Gross Profit. Gross profit for the year ended December 31, 1998 was $169.9
million, representing an increase of $65.7 million, or 63.1% as compared to
$104.2 million for the year ended December 31, 1997. Gross profit margin was
51.0% for the year ended December 31, 1998, as compared to 45.4% for the year
ended December 31, 1997. The overall increase in gross profit dollars was
primarily attributable to the Company's higher sales volume for the year ended
December 31, 1998 and to the increase in gross profit margin. The increase in
gross profit margin for the year ended December 31, 1998, as compared to the
year ended December 31, 1997, was primarily due to higher gross profit margins
of the Changes International division compared to the other divisions of the
Company.
Operating Expenses. Operating expenses for the year ended December 31,
1998 were $106.8 million, representing an increase of $54.7 million, or 105.0%,
compared to $52.1 million for the year ended December 31, 1997. As a percent of
net sales, operating expenses increased to 32% for the year ended December 31,
1998 from 22.7% for the year ended December 31, 1997. The increase in operating
expenses and operating expenses as a percent of net sales was primarily
attributable to increased selling and marketing expenses and higher general and
administrative expenses resulting from the Company's increased level of
operations for the year ended December 31, 1998. These expenses were comprised
primarily of increased variable commission expense for the Changes International
division, an increase in the Company's advertising and marketing expenses and
increased general administrative expenses incurred to support the increased
level of business activity.
Merger Expenses. Merger expenses were $1.4 million for the year ended
December 31, 1998 and were incurred, as a result of the acquisition of
PR*Nutrition.
Income from Operations. Income from operations for the year ended December
31, 1998, was $61.7 million, representing an increase of $9.6 million, or 18.4%,
as compared to $52.1 million for the year ended December 31, 1997. Income from
operations margin decreased to 18.5% of net sales for the year ended December
31, 1998 from 22.7% of net sales for the year ended December 31, 1997. The
increase in income from operations as a percent of net sales was primarily due
to the Company's higher sales volume together with higher gross margins. The
decrease in income from operations margin was primarily due to higher operating
expenses as a percent of net sales.
Other Expense. Other expense for the year ended December 31, 1998 was $6.7
million, as compared to $12.1 million for the year ended December 31, 1997. The
net decrease of $5.4 million is primarily due to increased interest income of
$1.2 million and decreased interest expense of $4.2 million, both primarily as a
result of reduced debt levels and increased cash balances which resulted
primarily from the Company's second public offering in April 1998.
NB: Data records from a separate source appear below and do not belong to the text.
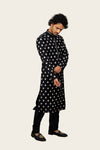 Silk Black Kurta Set With Thread Work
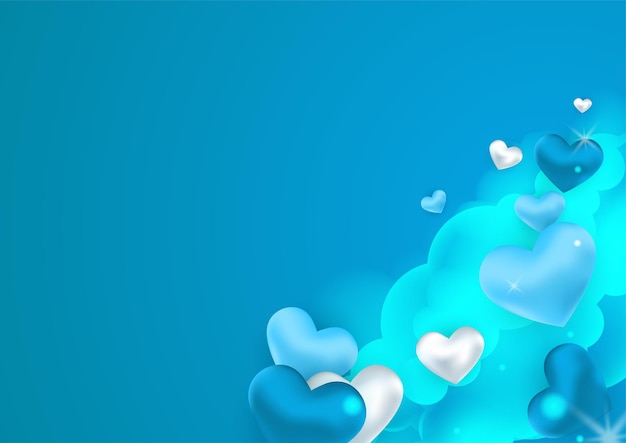 Sfondo poster banner blu con cuori di San Valentino. Banner di auguri di San Valentino. Sfondo vacanza orizzontale, intestazioni, poster, carte, sito Web. Illustrazione vettoriale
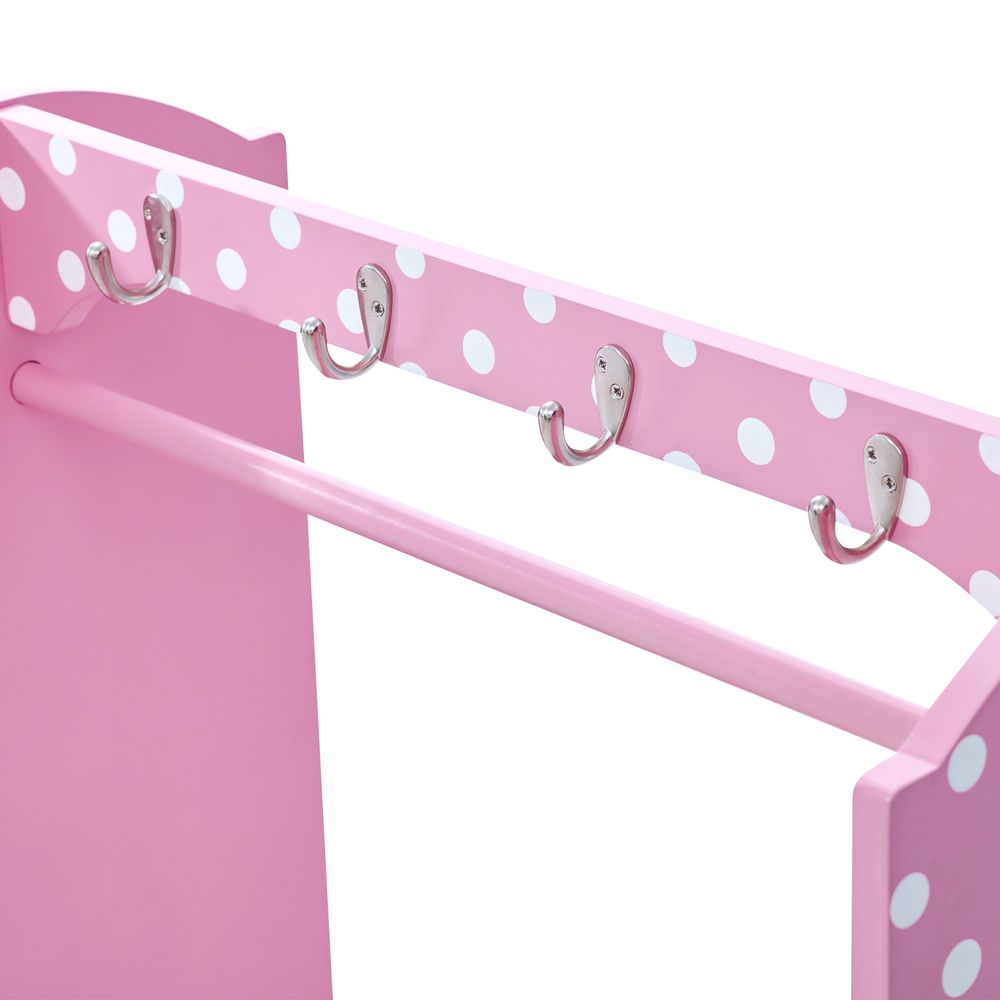 Polka Dot Kids Wooden Clothes Rack Hanger Storage Pink TD-12949A - anydaydirect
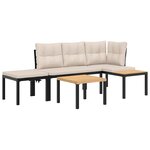 vidaXL Ensemble de banc de jardin avec coussins 4 Pièces noir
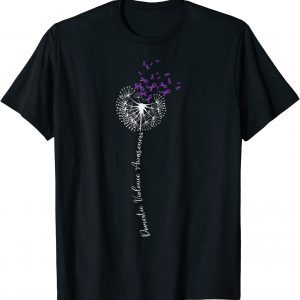 I Wear Purple For Domestic Violence Awareness Purple Ribbon 2022 Shirt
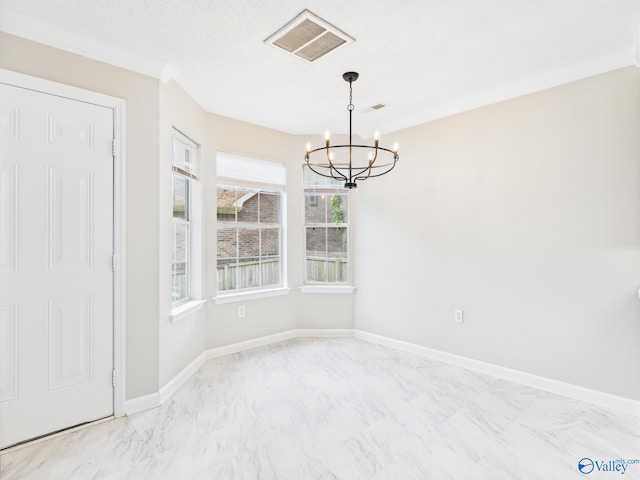 202 Declaration Cir, Madison, AL 35758 - unfurnished dining area with a chandelier and marble finish floors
Income Taxes. PR*Nutrition was an "S" Corporation prior to it acquisition
on August 21, 1998. Accordingly, federal taxes were generally paid at the
shareholder level only. The PR*Nutrition provision for taxes for the year ended
December 31, 1997 and through August 21, 1998 included state taxes only. The
Consolidated Statements of Income include pro forma information which reflects
adjustments to historical net income as if PR*Nutrition had not elected "S"
Corporation status for income tax purposes.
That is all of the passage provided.